Nowadays, the sounds that predominate on Hop Island, Cork, are horses’ hooves but in the mid-18th century it was more likely to have been the sounds of Bach or Mozart.
Today Hop Island has an equestrian centre with indoor and outdoor arenas. Riders can train in the finer points of horse riding, showjumping, trekking, cross country and dressage. In addition to the equine centre, there are five privately owned houses on the island.
Whether Hop Island still deserves that geographic description is a moot point. A tarmaced causeway connects it to the shore at Rochestown, but part of its character derives from the time when water swirled around its shores.
Eventually, like for many of the other islands in Cork Harbour, huge amounts of silt built up to create a link to the mainland, aided here and there by manmade efforts to link the islands.
Hop Island is effectively a heap of boulder clay emerging from the surrounds of Lough Mahon, part of Cork’s inner harbour.
The wonderful resource that is the Cork Archaeological and Historical Society has made available its archive online. And a cursory search for Hop Island reveals a glut of information from a 1909 article by ‘anonymous’.
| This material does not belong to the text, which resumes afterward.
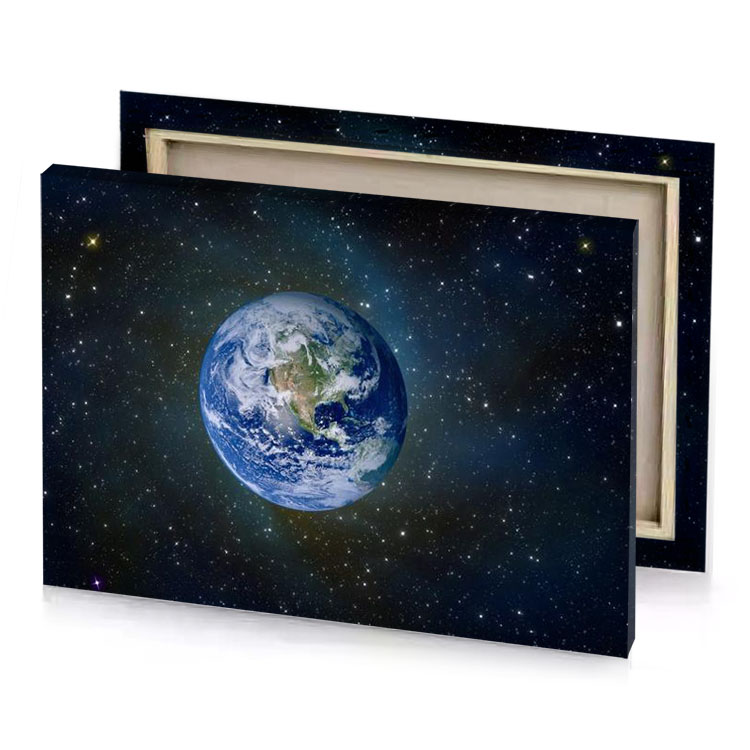 the earth in space manatee canvas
The island derived its name from a nickname ascribed by sailors to one Laurence De la Main, or Delamain, who was a French Huguenot who built a house on Hop Island in the middle of the 18th century. The
protestant Huguenots fled religious persecution in France and about 5,000 initially settled in Ireland before a second group arrived later. Some were interred in the Huguenot cemetery on the appropriately named Frenchchurch St, Cork.
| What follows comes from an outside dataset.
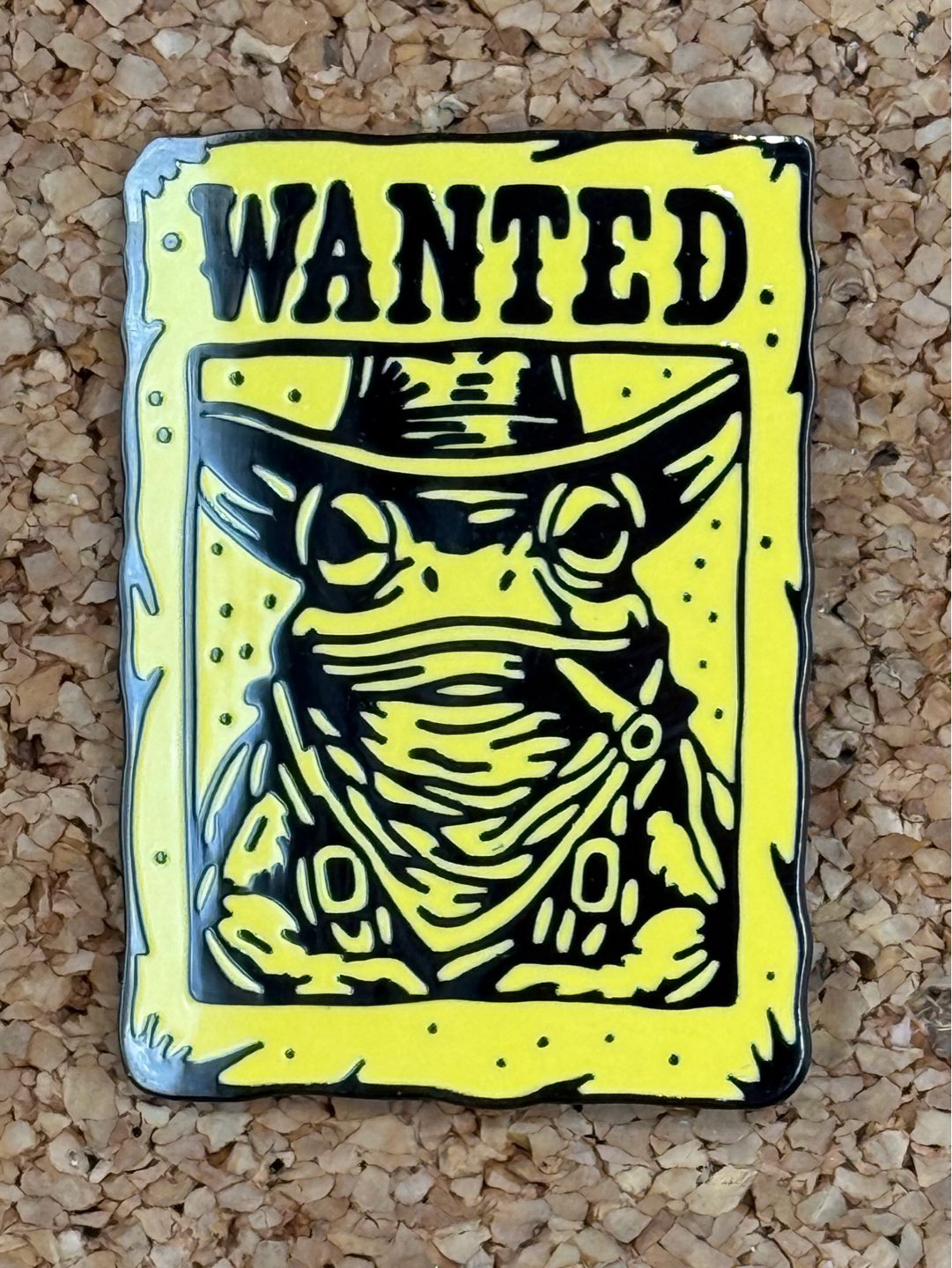 Outlaw frog pin image 0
Some of these immigrants became active in local governance and several became lords mayor. Others were very successful in the commercial trade of the city. Some of the Huguenot names are still in use: Lavit, Perrier, Godsell, Hardy, Malet, and Delacour. The sailors, passing up and down the River Lee, and aware of the musical reputation of its new resident, Monsieur De la Main, referred to it at as ‘Hop Island’ presumably referring to ‘hop’ as in ‘dance’. The article in turn quotes a piece f in the Gentleman’s Magazine from 1855 written by a Dr Caulfield to bolster its claims.
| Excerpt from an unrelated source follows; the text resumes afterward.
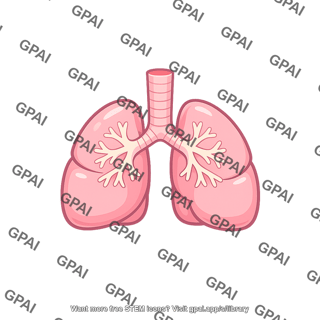 Newborn baby lung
“Mr De la Main, a French Huguenot, arrived at Cork possessing a small sum of money, the remains of an ample fortune, having left behind considerable estates in France. He followed for some time the profession of dancing master, and from the high respect in which he was held by the citizens of Cork he soon obtained a sufficient competency.
Having purchased this little island, known previously as Ratland from the enormous swarms of Norway rats with which it was infested, Mr De la Main built on it a handsome residence and highlycultivated the adjacent grounds. From the profession of its respectable proprietor the sailors and boatmen used jokingly to call it Hop Island, a name it has retained
De la Main instructed the citizenry of Cork in dancing, perhaps waltzes and quadrilles, in Boland’s Lane in the city centre. This was a lane off Brunswick St but appears to have been built over when the Augustinian Church was built. His son Henry was a composer in his own right and at the beginning of the 19th century was the organist at (now Triskel) Christchurch and later St Fin Barre’s Cathedral.
Later, a Rev Saunders and Osborne Edwards lived on Hop Island. The latter leased a property valued at £16 from the Chatterton family who were baronets.
Whether Ratland is a misinterpretation of the previous name for Hop Island (Red Island) is not clear but judging by the murine reference it is probably correct and Red Island was then a version of this.
Hop Island is the starting point for a beautiful walk or cycle to Passage west along the old disused railway line. The other islands in Cork Harbour have nearly all been either joined to the mainland or linked by bridges: Great, Little, Spike, Fota, Haulbowline, Corkbeg, Rocky, Hare, Harper’s, Weir, Brick, and Brown.
How to get there: 2km east of Douglas in Cork City on the R610.